⟨
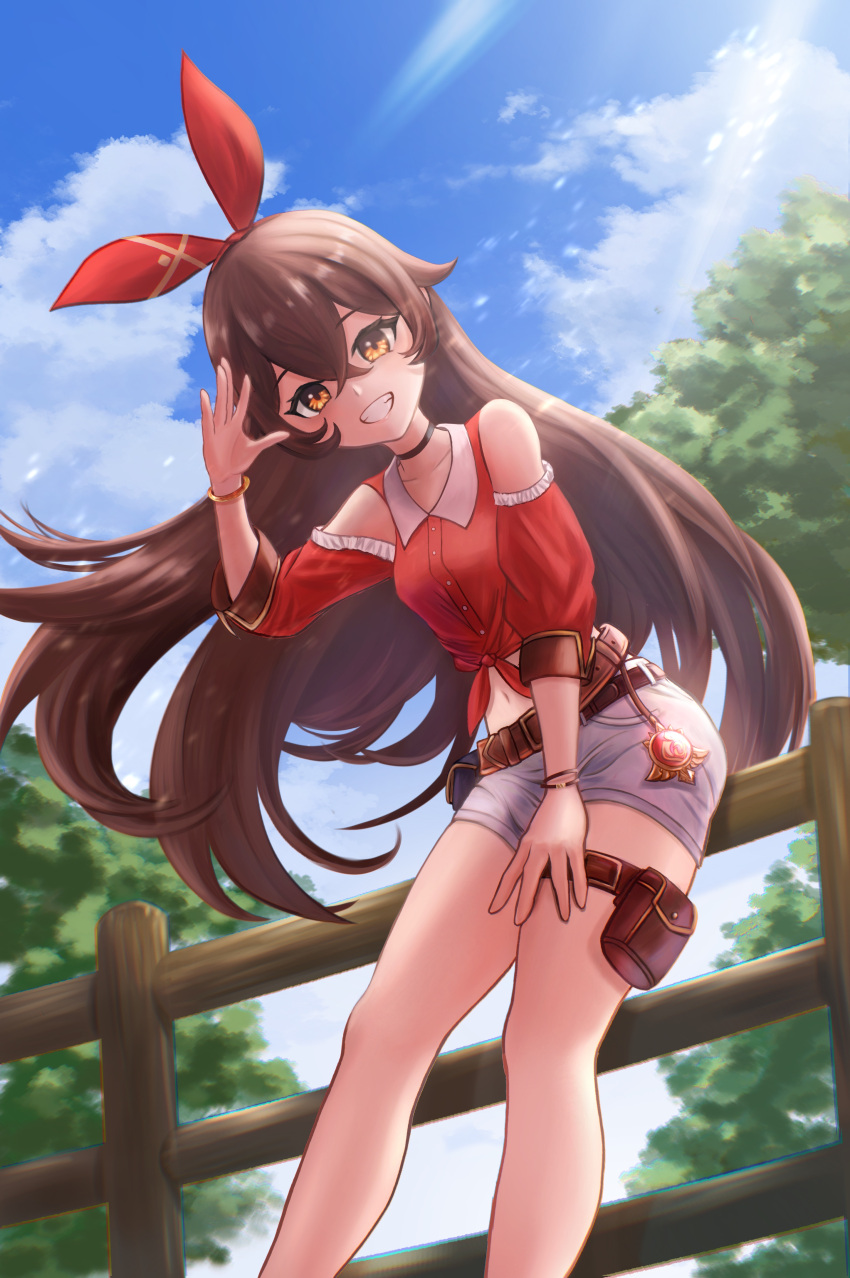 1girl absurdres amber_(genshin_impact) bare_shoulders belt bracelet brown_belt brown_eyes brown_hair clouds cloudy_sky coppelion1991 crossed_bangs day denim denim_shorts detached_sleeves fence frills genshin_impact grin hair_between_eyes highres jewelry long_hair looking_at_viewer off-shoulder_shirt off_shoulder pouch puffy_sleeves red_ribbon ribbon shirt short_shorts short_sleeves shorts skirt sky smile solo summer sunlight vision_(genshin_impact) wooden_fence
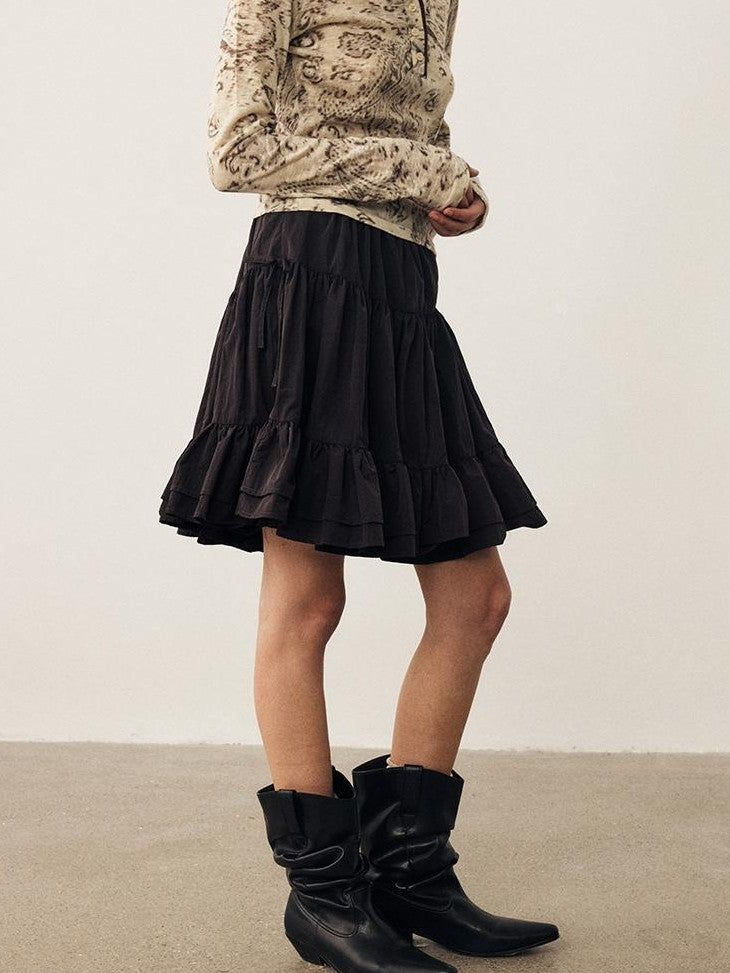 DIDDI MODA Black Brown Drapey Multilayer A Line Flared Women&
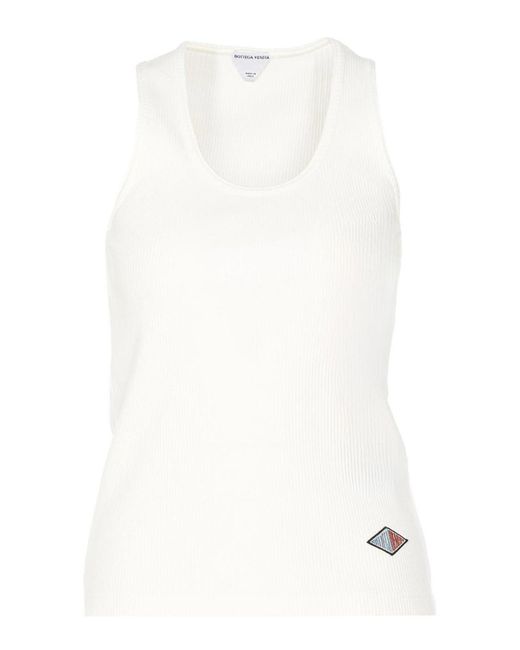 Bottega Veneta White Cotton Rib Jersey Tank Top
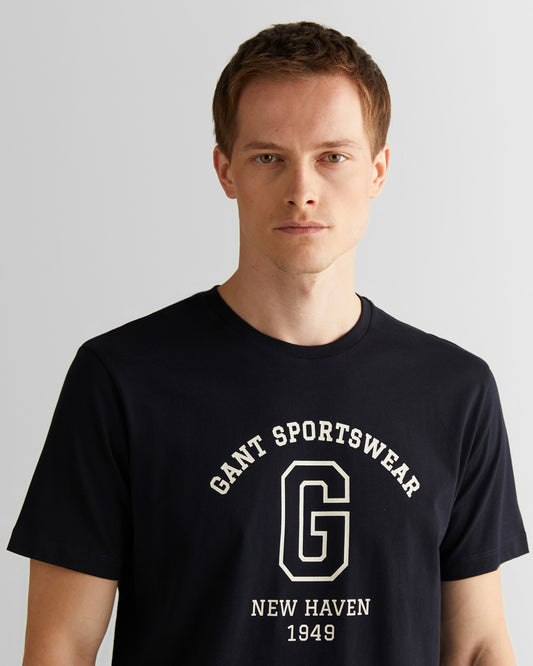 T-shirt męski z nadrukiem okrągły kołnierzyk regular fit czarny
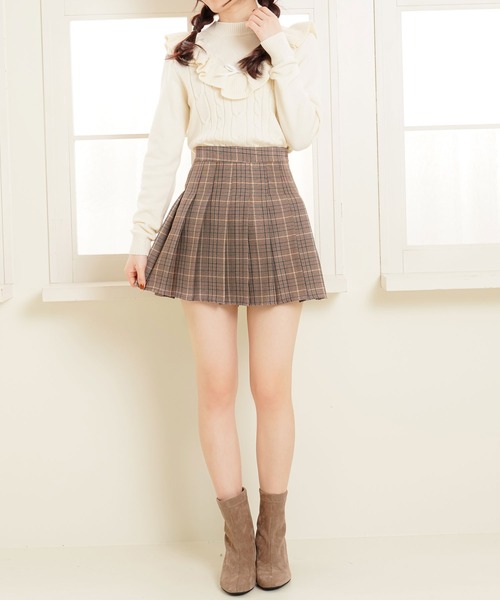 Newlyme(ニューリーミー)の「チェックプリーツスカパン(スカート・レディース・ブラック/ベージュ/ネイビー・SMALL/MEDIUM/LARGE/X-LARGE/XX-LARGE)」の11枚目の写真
⟩
⟨
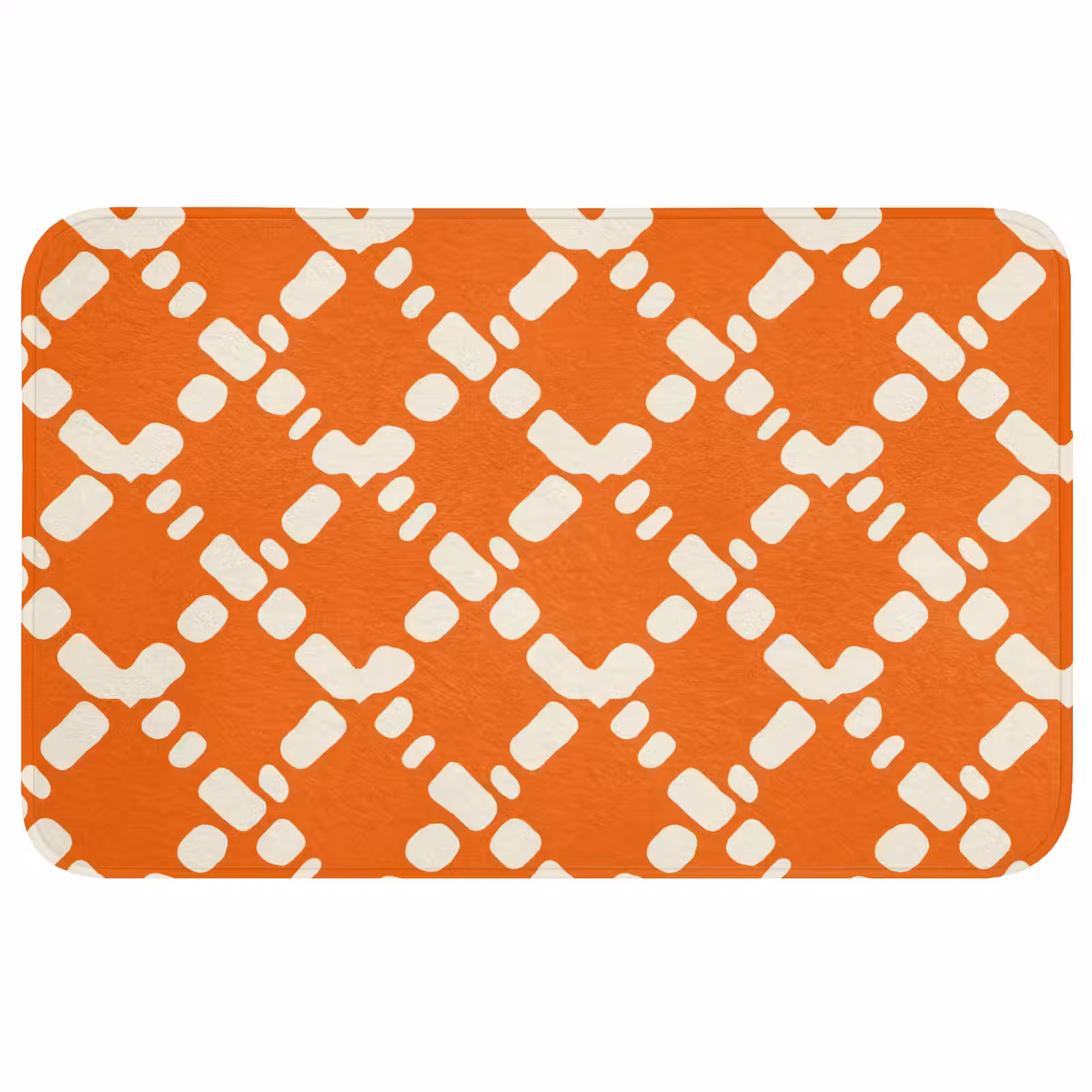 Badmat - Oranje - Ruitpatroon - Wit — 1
⟩
# Assignment:
Leaving each picture behind, please give again exactly the lines above from the one with "Bottega Veneta White" through the one with "Newlyme(ニューリーミ", both included, and no others.

# Task solution:
 Bottega Veneta White Cotton Rib Jersey Tank Top
 T-shirt męski z nadrukiem okrągły kołnierzyk regular fit czarny
 Newlyme(ニューリーミー)の「チェックプリーツスカパン(スカート・レディース・ブラック/ベージュ/ネイビー・SMALL/MEDIUM/LARGE/X-LARGE/XX-LARGE)」の11枚目の写真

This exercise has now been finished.